AVAILABLE DATA Block Start

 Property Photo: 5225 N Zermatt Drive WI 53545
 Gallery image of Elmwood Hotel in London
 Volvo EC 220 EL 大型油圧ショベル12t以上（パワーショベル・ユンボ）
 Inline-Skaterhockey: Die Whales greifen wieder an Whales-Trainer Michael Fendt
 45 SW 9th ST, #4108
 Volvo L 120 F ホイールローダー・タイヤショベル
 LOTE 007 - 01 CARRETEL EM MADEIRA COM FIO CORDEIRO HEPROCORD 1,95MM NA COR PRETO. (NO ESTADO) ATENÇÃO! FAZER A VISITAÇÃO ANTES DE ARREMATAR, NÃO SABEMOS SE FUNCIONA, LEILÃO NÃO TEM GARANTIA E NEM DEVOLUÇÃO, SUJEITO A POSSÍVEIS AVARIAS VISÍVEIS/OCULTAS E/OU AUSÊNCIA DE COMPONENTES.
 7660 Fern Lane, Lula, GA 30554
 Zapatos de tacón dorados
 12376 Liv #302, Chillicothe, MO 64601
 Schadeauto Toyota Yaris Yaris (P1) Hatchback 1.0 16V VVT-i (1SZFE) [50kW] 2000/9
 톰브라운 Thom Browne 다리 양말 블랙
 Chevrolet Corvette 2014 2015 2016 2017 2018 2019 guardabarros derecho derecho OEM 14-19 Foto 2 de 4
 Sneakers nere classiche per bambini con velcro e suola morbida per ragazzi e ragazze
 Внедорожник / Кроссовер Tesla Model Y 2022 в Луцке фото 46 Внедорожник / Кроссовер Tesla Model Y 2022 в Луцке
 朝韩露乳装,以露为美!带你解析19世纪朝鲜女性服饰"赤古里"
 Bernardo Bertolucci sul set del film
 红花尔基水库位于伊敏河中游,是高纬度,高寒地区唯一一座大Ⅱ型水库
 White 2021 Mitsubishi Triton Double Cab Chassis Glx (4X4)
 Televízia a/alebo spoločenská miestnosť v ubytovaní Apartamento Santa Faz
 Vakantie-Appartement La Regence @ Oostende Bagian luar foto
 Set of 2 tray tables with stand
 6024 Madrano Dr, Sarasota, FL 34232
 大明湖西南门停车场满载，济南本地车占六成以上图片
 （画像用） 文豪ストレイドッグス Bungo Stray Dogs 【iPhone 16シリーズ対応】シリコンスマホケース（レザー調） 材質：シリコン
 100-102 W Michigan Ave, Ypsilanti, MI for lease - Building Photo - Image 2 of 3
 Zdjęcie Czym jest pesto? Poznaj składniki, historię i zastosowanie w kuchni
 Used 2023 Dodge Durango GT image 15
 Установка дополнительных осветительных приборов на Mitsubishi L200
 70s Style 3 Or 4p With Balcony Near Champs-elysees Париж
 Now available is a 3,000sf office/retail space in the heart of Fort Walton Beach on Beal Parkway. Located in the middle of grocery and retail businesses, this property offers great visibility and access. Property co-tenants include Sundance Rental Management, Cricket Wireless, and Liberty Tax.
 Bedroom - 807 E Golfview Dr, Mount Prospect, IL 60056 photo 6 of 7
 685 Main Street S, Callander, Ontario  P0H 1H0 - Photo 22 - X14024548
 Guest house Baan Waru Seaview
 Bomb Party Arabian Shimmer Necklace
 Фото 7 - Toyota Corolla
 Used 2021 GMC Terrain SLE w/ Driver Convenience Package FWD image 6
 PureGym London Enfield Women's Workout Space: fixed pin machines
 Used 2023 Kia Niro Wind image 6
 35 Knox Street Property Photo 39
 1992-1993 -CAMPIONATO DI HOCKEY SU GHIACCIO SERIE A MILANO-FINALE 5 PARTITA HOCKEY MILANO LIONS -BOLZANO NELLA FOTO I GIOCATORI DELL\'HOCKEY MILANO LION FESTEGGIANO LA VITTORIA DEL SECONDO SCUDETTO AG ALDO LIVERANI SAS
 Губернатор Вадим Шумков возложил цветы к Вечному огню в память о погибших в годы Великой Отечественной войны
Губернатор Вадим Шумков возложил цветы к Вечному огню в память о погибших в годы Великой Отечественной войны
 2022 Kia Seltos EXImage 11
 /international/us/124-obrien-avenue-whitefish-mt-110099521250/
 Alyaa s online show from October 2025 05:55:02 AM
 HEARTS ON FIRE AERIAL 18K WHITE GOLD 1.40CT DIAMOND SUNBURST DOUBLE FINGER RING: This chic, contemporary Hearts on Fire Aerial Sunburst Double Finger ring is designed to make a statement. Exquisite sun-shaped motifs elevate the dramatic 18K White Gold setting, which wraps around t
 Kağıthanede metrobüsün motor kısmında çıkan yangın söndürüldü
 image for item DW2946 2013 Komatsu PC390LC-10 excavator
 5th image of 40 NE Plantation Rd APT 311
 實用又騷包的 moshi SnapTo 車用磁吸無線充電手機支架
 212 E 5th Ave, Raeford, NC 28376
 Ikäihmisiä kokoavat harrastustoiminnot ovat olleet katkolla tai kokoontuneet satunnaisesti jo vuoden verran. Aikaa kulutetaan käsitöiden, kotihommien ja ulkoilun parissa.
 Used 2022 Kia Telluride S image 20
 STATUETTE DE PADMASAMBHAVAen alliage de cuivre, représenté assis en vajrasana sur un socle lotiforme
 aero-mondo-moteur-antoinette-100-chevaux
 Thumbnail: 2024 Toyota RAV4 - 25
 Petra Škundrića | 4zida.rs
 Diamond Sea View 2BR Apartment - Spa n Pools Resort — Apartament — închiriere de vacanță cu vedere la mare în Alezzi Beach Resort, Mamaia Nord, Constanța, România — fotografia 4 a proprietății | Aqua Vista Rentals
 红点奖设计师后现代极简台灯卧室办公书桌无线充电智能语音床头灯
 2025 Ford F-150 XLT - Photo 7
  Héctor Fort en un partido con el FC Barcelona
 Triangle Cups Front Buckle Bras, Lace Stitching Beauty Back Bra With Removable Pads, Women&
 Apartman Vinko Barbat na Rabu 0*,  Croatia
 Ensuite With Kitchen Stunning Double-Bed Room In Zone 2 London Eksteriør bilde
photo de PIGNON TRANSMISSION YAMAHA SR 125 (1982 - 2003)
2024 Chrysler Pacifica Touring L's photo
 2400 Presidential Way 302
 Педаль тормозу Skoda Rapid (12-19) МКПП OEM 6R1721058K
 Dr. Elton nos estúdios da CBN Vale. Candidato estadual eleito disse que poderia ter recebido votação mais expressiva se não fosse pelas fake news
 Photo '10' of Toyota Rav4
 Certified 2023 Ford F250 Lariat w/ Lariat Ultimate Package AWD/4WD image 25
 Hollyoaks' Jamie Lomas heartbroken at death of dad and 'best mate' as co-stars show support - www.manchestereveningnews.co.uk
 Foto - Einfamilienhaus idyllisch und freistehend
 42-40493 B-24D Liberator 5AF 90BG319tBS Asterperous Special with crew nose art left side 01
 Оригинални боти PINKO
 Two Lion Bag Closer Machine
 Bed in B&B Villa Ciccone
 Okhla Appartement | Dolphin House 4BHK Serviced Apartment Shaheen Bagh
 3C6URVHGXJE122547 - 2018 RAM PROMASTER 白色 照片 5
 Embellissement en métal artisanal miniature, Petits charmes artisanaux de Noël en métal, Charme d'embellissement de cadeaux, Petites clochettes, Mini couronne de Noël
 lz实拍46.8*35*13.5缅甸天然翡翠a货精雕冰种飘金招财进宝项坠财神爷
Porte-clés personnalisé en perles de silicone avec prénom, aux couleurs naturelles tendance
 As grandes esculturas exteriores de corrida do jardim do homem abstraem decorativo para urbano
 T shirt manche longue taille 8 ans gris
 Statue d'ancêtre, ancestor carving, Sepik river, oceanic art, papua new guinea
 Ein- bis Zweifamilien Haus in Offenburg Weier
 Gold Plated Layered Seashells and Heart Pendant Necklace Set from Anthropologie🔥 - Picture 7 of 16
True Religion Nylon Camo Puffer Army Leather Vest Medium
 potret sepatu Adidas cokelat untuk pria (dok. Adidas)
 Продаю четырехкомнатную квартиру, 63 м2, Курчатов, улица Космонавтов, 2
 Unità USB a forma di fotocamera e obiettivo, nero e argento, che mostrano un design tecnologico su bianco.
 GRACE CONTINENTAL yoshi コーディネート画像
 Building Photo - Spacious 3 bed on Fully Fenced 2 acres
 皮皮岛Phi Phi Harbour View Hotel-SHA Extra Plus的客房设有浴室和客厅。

AVAILABLE DATA Block End

TASK DIRECTIONS:
Only the lines above starting at the one containing "Kağıthanede metrobüsün motor" and ending at the one containing "STATUETTE DE PADMASAMBHAVAen", both included, are to be returned, exactly as they read.

RESULT OF THIS EXERCISE:
 Kağıthanede metrobüsün motor kısmında çıkan yangın söndürüldü
 image for item DW2946 2013 Komatsu PC390LC-10 excavator
 5th image of 40 NE Plantation Rd APT 311
 實用又騷包的 moshi SnapTo 車用磁吸無線充電手機支架
 212 E 5th Ave, Raeford, NC 28376
 Ikäihmisiä kokoavat harrastustoiminnot ovat olleet katkolla tai kokoontuneet satunnaisesti jo vuoden verran. Aikaa kulutetaan käsitöiden, kotihommien ja ulkoilun parissa.
 Used 2022 Kia Telluride S image 20
 STATUETTE DE PADMASAMBHAVAen alliage de cuivre, représenté assis en vajrasana sur un socle lotiforme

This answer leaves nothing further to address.